Mechanically Assisted Li⁺-Conduction in Crown Ether-Covalent Organic Frameworks for Lithium Metal Batteries

Mechanically interlocked molecules (MIMs) enable controlled motions like rotation and shuttling, ideal for molecular machines. Heteroatom-containing MIMs, such as crown ethers, exhibit host–guest interactions, coordinating Li⁺ for transport. Crown ethers are integrated into nitrogen-rich 2D covalent organic frameworks (COFs) to create a high-performance quasi-solid-state electrolyte (Li⁺@Crown-COF) for lithium metal batteries. This electrolyte achieves exceptional ionic conductivity (3.2 × 10⁻³ S cm⁻¹) and a Li⁺ transference number (0.60) at room temperature (r.t.).
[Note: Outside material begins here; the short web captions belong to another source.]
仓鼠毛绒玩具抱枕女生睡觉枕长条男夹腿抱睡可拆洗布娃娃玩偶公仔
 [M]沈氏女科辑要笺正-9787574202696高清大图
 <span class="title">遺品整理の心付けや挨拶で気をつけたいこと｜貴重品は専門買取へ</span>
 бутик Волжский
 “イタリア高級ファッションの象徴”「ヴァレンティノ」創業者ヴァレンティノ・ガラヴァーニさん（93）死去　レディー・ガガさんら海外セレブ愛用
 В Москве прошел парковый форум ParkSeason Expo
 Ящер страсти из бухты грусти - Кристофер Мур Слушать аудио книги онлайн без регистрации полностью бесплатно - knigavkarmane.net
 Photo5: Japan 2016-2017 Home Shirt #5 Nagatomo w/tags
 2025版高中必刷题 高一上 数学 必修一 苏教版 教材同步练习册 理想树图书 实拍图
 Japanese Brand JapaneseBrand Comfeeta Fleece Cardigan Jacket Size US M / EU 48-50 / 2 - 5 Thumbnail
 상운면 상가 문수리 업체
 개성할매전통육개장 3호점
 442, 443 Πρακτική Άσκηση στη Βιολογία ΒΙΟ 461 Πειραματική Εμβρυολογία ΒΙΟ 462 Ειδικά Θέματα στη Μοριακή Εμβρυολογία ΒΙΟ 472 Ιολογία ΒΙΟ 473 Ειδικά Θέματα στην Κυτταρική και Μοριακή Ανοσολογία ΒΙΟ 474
The mechanically assisted Li⁺ conduction, driven by crown ether motion within the COF's porous framework, enhances ion transport and stabilizes the lithium anode, suppressing dendrite growth. Electrochemical tests show excellent cycling stability, with full cells using an LiFePO₄ cathode retaining 95% capacity after 600 cycles at 0.5C and r.t. At 60 °C and 2C, the cell maintained 85% of its initial capacity after 300 cycles, with 99.99% Coulombic efficiency. Solid-state nuclear magnetic resonance and computational studies confirm mechanical motions and strong Li⁺ binding to COF's nitrogen and oxygen sites. This MIM-COF design, leveraging the chemical novelty of mechanically interlocked systems, paves the way for safe, stable, and high-energy-density LMBs.